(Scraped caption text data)
━━━━━━━━━━━━━━━━━━━━━━━━━━━━━━
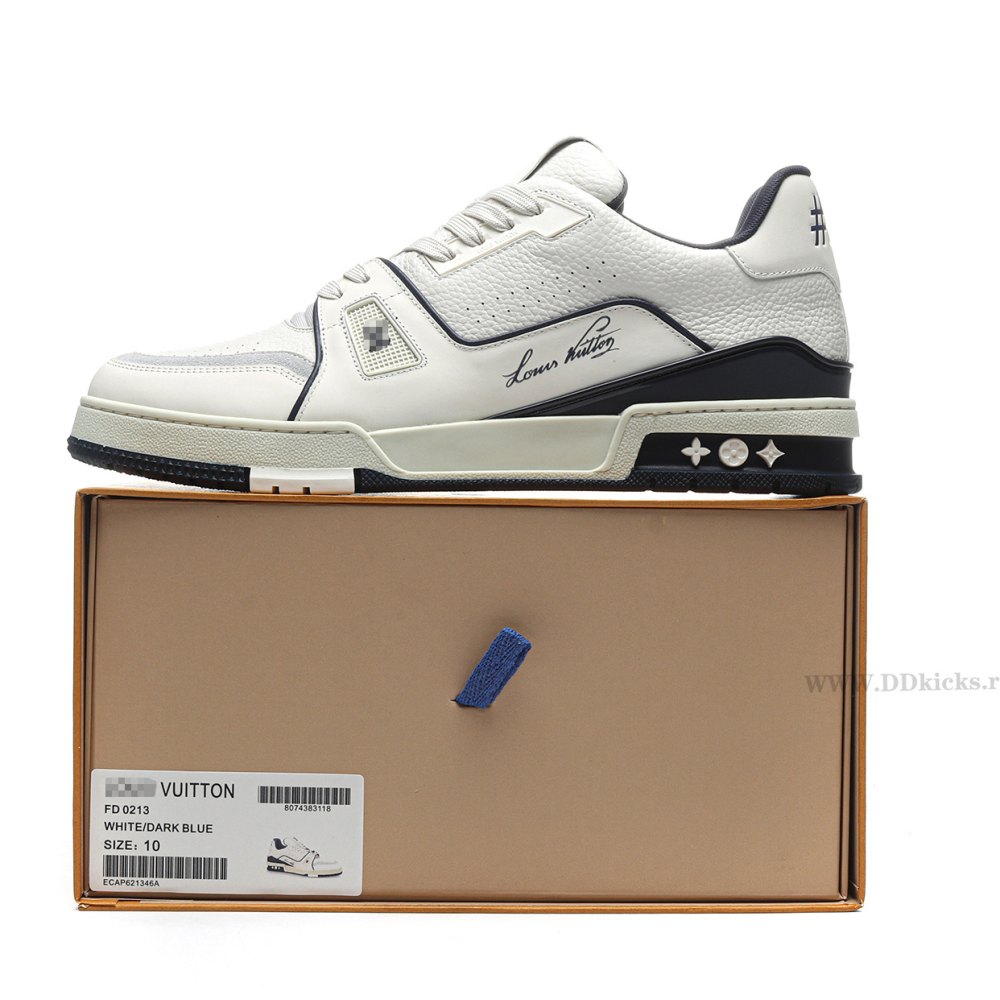 DD Lou1s Vu1tton Trainer #54 Signature White Marine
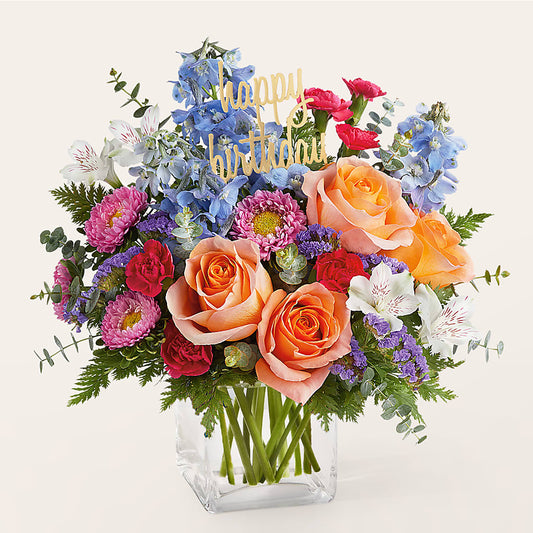 Birthday Bash Bouquet –  Secret Garden By Leo, Chicago IL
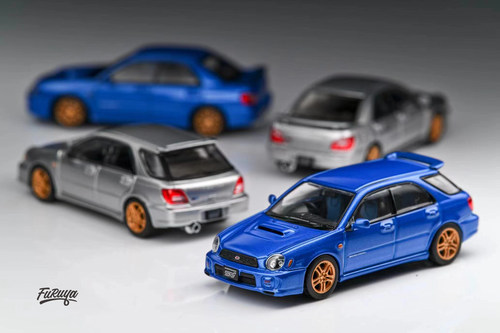 Furuya 1:64 斯巴鲁 翼豹 Impreza WRX STI 七代 合金汽车模型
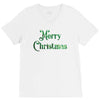 merry christmas green glitter V-Neck Tee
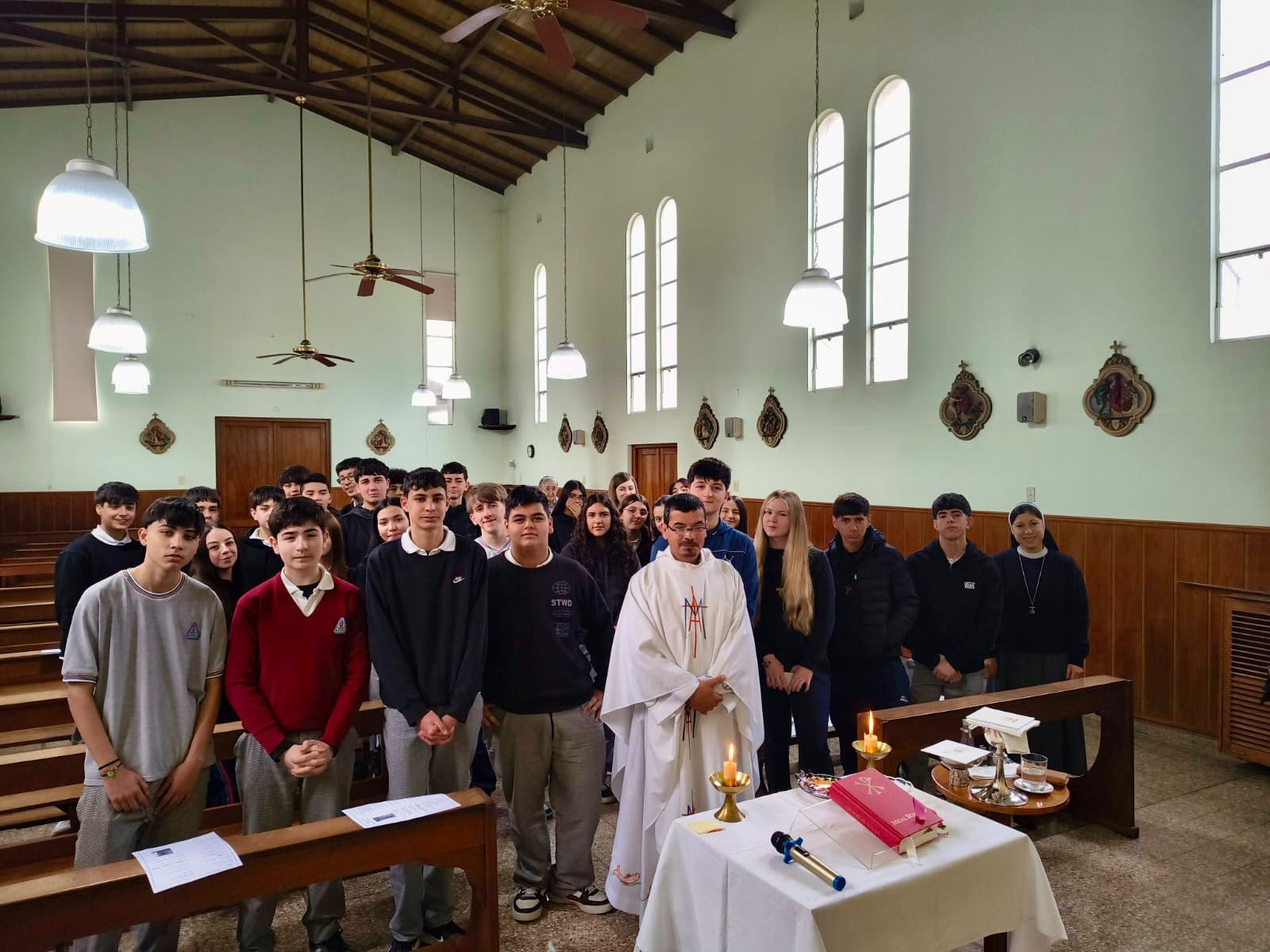 Misa de envío y entrega de Cruz Tau a nuestros Referentes de Pastoral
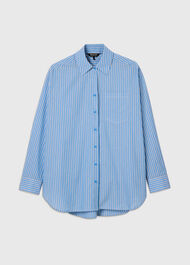 Oversized Fit Stripe Shirt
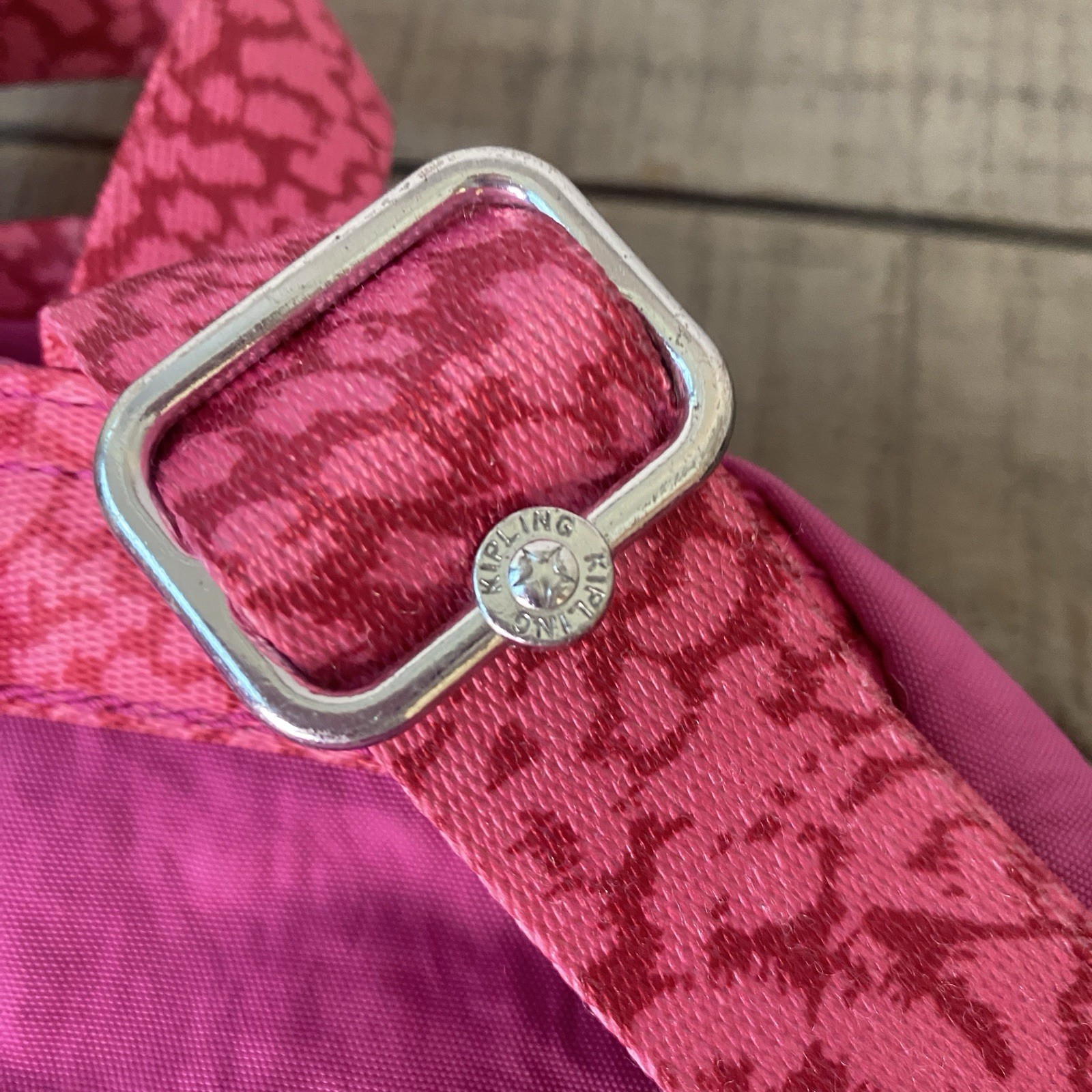 Kipling Queenie Small Backpack Powerful Pink with… - image 20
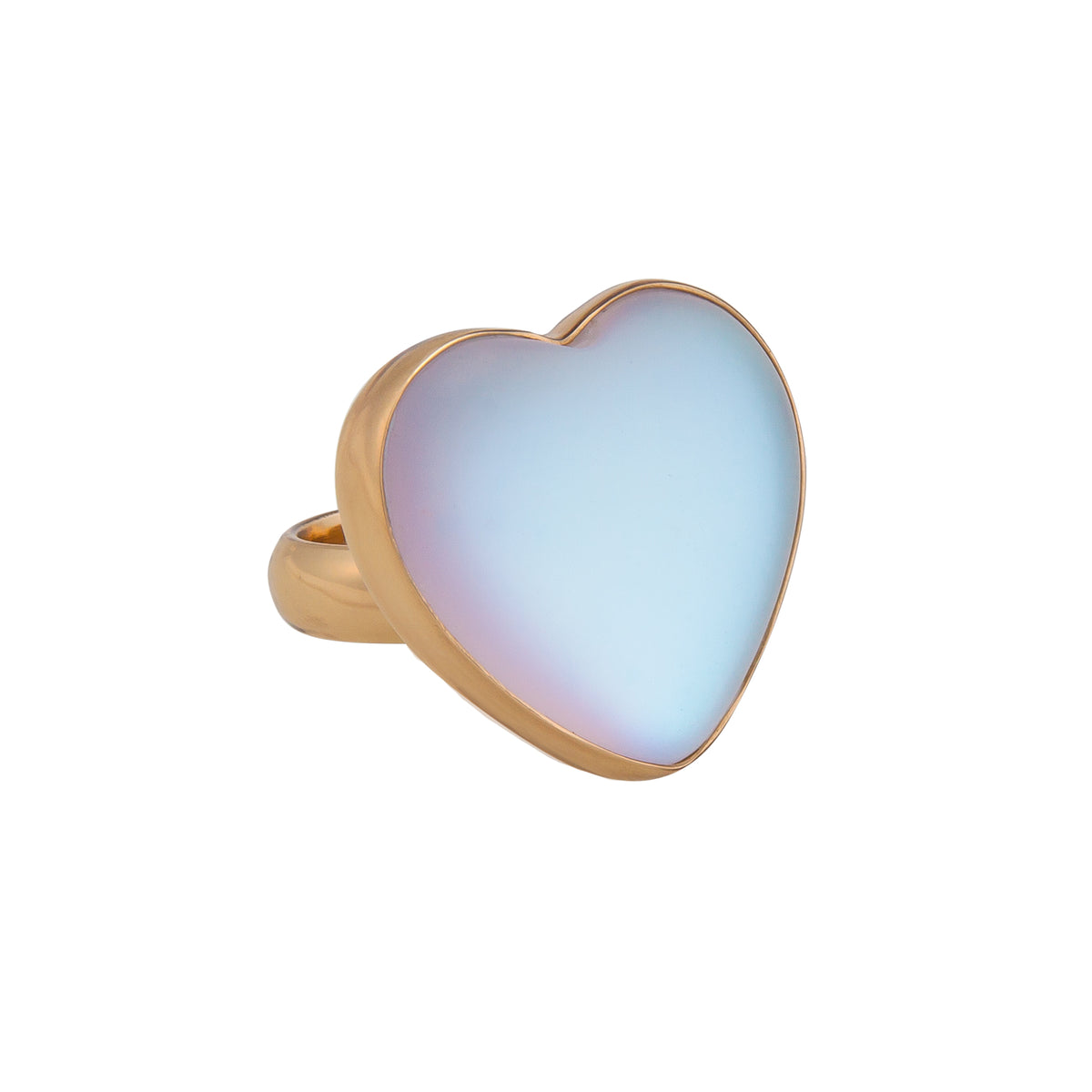 Alchemia Luminite Heart Adjustable Ring | Charles Albert Jewelry
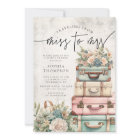 Travelling Miss to Mrs Vintage Floral Bridal Showe
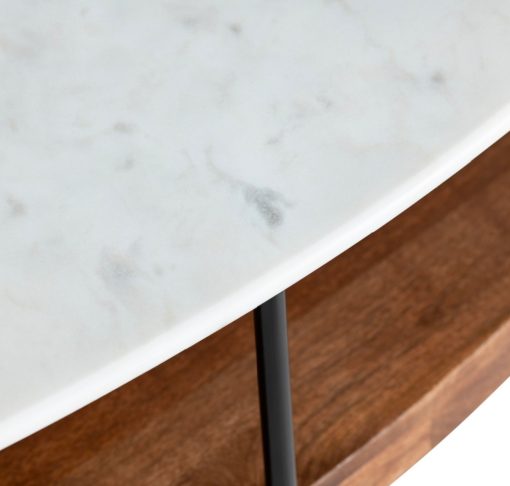 marble coffee table close up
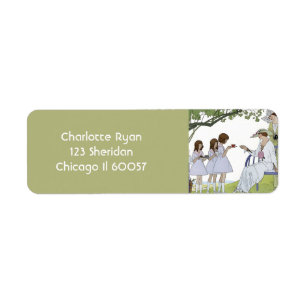 Theekransje in de oude tuin etiket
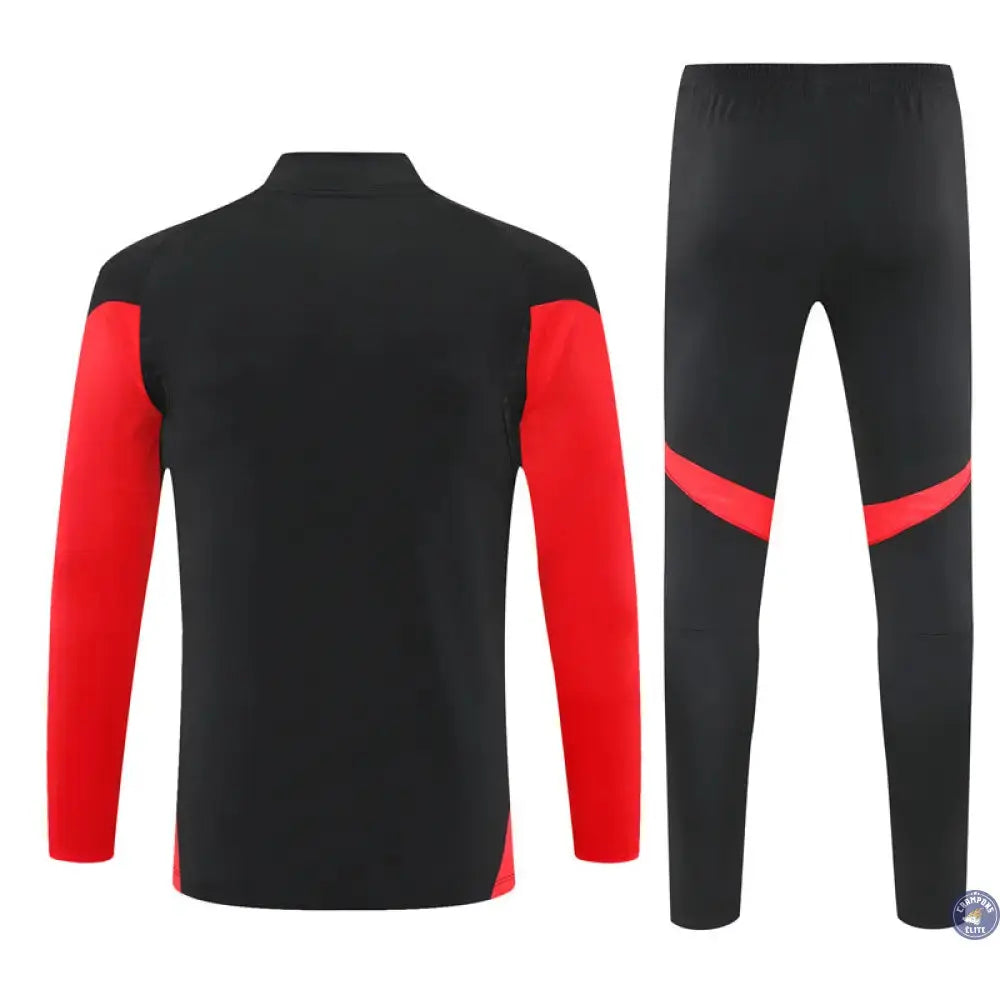 Survêtement d'entraînement demi-zip - Bayern Munich 2025/2026 - Noir/Rouge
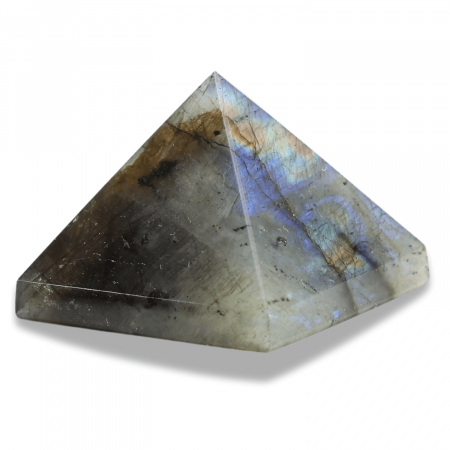 Piramida din Labradorit Sculptata Manual, 4 cm - Amplificator de Protectie si Intuitie [8]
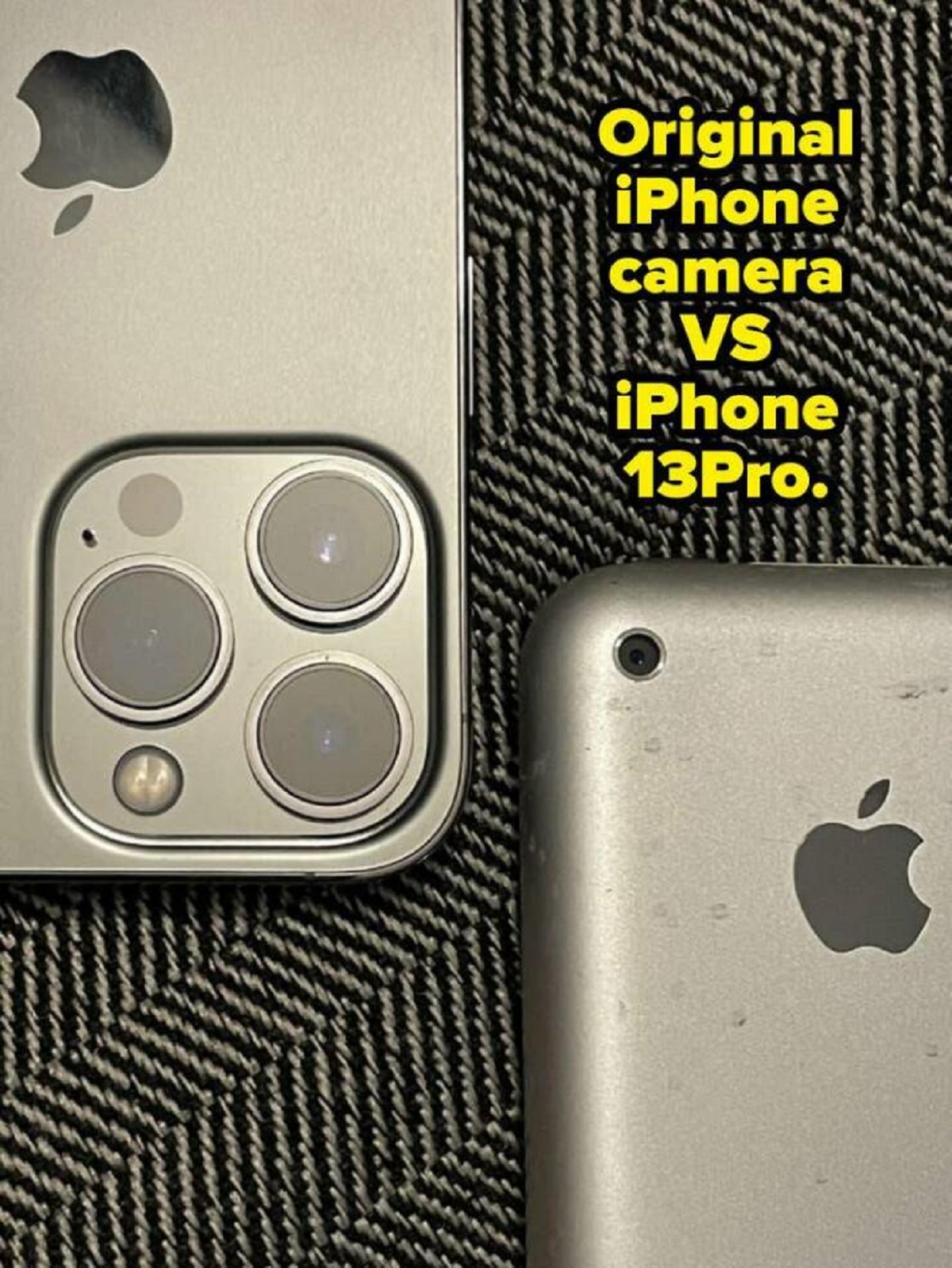 iphone have 1 camera reddit - Original iPhone camera Vs iPhone 13Pro.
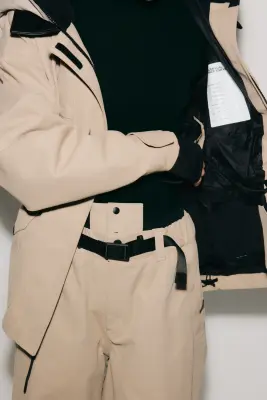 Veste de ski ThermoMove™ avec col - Beige — photo 2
━━━━━━━━━━━━━━━━━━━━━━━━━━━━━━
Give back exactly the lines running from the one that contains "Piramida din Labradorit" to the end of the records, including both of those lines and excluding every picture.

### THE ANSWER
 Piramida din Labradorit Sculptata Manual, 4 cm - Amplificator de Protectie si Intuitie [8]
 iphone have 1 camera reddit - Original iPhone camera Vs iPhone 13Pro.
 Veste de ski ThermoMove™ avec col - Beige — photo 2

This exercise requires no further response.